Each tier has a class parameter which defines the storage type. Typical class values are "dcpm" for PMem (Intel(R) Optane(TM) persistent memory) and "nvme" for NVMe SSDs. When persistent memory is unavailable, class may be set to "ram", which emulates SCM using a ramfs device, and metadata and small objects are saved to NVMe SSDs using logging and checkpointing.

For class == "dcpm", the following parameters should be populated:

  • scm_list should should contain PMem interleaved-set namespaces (e.g. /dev/pmem1). Currently the size of the list is limited to 1.
  • scm_mount gives the desired local directory to be used as the mount point for DAOS persistent storage mounted on the specified PMem device specified in scm_list.

For class == "ram", scm_list is omitted and scm_size is specified instead. In this case, the subsequent bdev tiers describe the persistent storage used for both data and metadata.

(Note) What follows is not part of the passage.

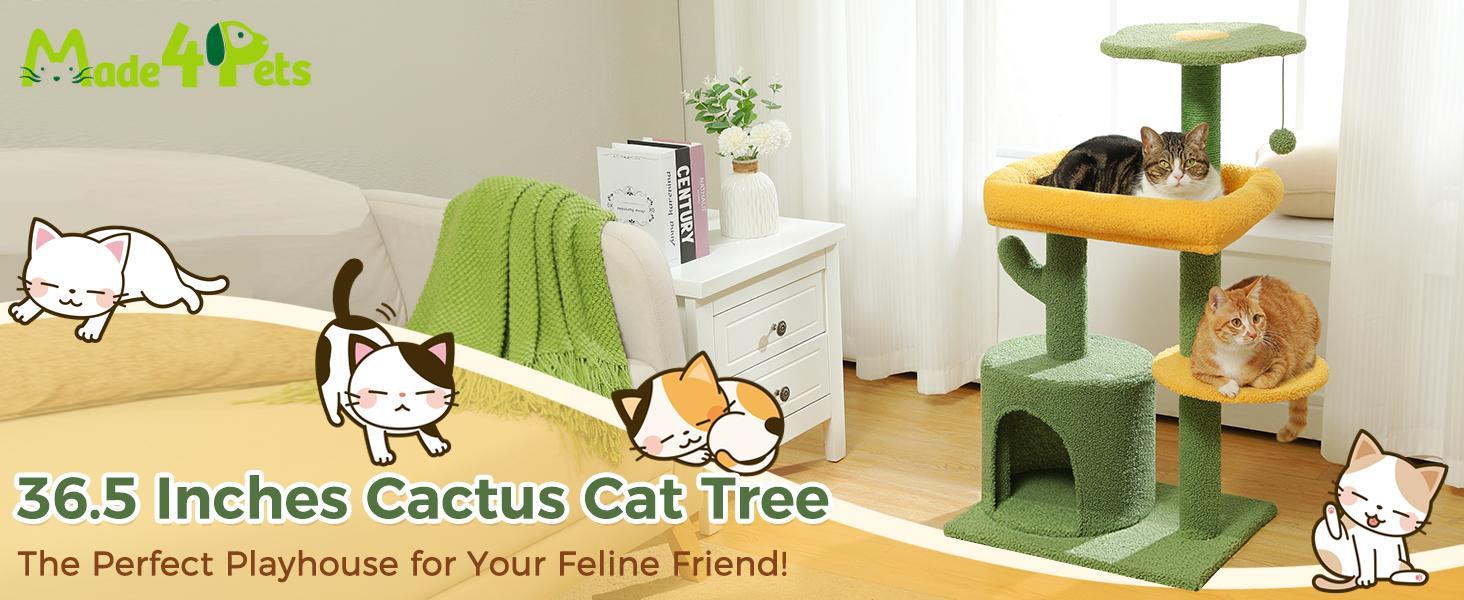 36.5 Inch Indoor Multi-layer Cactus Shape Cat Private Apartment Cat Tower With Cat Scratching Post And Plush Cat Bed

  • scm_size specifies the amount of RAM dedicated to emulate SCM for holding DAOS metadata. As with SCM, the RAM size must be sufficient to hold metadata to accommodate the size of data tiers. Required metadata to data ratios vary by usage, but typically metadata size will only be a few percent of data. The storage requirements discussion of the ratio between SCM size and the size of NVMe data tiers is relevant, as the required RAM / NVMe ratio will be similar.

For class == "nvme", the following parameters should be populated:

  • bdev_list should be populated with NVMe PCI addresses.
  • bdev_roles optionally specifies a list of roles for this tier. By default, the DAOS server will assign roles to bdev tiers automatically, so the bdev_roles directive is only needed when that assignment doesn't match your use case.

When "dcpm" is used for the first tier, this list should be omitted or specify only "data". Only a single NVMe tier is supported.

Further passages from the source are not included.